China Risks Real Hard Landing This Time
This article by Nathaniel Taplin for Bloomberg may be of interest to subscribers. Here is a section:
In other words, in the past year, banking-system liquidity has risen by about a fifth, but net credit growth has fallen by about a third. The reason is clear. Shadow finance outstanding fell by a full 10% in 2018—by far the sharpest contraction on record.
Regulators realize they have a problem. They are now trotting out new central bank lending facilities to goad banks into extending credit to small enterprises. And the economy still has some cushions. Infrastructure investment is rising again. Consumers are struggling, but less than headlines would suggest.
Both of these bulwarks aren’t as strong as a couple of years ago—consumers are more indebted and a separate campaign against off-balance sheet infrastructure fundraising is still crimping investment.

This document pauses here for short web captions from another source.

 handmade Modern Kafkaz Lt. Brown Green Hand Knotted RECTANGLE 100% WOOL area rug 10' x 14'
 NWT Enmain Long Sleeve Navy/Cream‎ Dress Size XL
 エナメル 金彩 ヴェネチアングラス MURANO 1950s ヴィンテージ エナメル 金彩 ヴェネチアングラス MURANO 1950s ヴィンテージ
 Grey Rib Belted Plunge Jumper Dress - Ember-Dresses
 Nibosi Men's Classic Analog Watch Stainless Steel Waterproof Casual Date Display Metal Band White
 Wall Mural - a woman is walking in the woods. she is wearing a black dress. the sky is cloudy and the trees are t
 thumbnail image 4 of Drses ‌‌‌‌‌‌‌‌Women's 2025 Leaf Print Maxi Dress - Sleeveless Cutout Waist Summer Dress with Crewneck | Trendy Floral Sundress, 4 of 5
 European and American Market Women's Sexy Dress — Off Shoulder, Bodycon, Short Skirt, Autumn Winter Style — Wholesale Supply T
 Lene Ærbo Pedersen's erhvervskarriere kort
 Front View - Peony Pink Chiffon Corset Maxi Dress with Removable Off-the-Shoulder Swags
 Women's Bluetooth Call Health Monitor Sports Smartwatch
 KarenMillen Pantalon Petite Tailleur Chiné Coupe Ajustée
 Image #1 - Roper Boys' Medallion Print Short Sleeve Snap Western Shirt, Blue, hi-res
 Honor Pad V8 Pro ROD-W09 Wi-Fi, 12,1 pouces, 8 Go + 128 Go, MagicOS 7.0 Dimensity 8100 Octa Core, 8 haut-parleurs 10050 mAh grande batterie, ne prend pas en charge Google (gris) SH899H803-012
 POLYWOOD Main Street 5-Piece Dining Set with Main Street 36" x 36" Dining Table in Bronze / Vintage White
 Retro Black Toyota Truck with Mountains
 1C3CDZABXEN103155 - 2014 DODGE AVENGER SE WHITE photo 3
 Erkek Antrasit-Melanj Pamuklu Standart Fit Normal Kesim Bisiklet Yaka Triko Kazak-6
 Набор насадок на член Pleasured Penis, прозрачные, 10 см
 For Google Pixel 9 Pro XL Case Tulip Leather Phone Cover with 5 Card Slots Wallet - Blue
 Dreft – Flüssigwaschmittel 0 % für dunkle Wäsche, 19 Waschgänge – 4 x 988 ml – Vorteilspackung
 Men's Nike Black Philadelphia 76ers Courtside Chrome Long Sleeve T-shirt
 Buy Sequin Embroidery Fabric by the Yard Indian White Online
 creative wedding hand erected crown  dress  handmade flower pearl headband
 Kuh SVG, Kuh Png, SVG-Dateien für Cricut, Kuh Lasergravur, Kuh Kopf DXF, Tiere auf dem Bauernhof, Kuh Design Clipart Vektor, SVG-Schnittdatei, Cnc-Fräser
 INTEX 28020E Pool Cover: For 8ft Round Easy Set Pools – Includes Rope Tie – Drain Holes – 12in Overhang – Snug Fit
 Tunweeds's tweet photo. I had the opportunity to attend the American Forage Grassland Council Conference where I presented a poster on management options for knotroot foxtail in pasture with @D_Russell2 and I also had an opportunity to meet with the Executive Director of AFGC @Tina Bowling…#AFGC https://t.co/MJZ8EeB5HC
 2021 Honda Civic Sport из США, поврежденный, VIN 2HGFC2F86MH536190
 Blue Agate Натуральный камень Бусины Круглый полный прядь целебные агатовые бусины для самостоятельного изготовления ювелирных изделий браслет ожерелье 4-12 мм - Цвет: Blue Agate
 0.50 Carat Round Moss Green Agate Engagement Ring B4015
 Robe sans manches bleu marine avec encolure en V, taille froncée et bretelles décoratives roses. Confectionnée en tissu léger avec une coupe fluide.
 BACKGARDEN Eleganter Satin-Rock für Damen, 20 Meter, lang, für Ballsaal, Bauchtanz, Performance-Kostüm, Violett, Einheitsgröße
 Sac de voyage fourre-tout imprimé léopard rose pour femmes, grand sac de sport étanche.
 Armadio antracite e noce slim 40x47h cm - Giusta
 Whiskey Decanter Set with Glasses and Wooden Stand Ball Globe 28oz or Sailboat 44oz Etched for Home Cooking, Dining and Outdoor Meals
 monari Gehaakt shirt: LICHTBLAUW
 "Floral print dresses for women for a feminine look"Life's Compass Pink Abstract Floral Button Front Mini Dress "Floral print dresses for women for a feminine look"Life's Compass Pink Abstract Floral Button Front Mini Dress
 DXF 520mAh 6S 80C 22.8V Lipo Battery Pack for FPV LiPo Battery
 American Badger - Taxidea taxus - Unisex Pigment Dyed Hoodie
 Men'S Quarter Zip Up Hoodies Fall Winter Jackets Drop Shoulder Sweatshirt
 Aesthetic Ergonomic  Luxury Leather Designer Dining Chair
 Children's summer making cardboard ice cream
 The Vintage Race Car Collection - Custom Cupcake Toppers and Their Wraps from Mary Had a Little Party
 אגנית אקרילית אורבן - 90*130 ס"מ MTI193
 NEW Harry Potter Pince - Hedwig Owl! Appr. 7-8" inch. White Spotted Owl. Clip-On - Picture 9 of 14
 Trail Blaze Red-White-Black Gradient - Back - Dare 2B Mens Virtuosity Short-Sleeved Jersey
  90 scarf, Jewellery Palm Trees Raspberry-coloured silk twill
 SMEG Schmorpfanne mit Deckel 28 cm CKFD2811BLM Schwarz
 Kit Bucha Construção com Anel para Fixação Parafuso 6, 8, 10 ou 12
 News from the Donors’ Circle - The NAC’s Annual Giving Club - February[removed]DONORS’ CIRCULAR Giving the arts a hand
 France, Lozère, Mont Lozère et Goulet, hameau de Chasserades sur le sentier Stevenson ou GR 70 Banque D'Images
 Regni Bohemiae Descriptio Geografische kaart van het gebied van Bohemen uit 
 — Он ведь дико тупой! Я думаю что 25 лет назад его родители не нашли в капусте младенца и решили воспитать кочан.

If the property market falls apart, China will be in serious trouble.
China’s inefficient financial system has long needed surgery. By excising the shadow banking system without a proper transplant to replace it, regulators risk killing the patient.
China’s headline government debt is comparatively small by international standards. However, its private sector debt is larger than the USA’s government debt. By first cutting off access to funding from the state banks, then cutting off shadow banking, then banning US Dollar loans, successive windows for funding have limited access of businesses to capital.
Many Chinese businesses survive on razor thin margins and depend on access to cheap liquidity to grease the wheels of trade. The large semi-state or wholly state-owned companies do not have to worry about profits and have no problem with access to capital. The speed with which $450 billion of US Dollar was issued led to the practice being banned but is also a testament to the demand for capital from the highly leveraged local government/property developer/industrial sector.
The current efforts underway to contain leverage and malinvestment are laudable on a macro scale but the risk is it affects the housing market as the article also highlights. For a country that has been dependent on growth at all costs for so long, that represents the linchpin of success or failure.
Meanwhile the stock market has lost downward momentum but remains in a downtrend.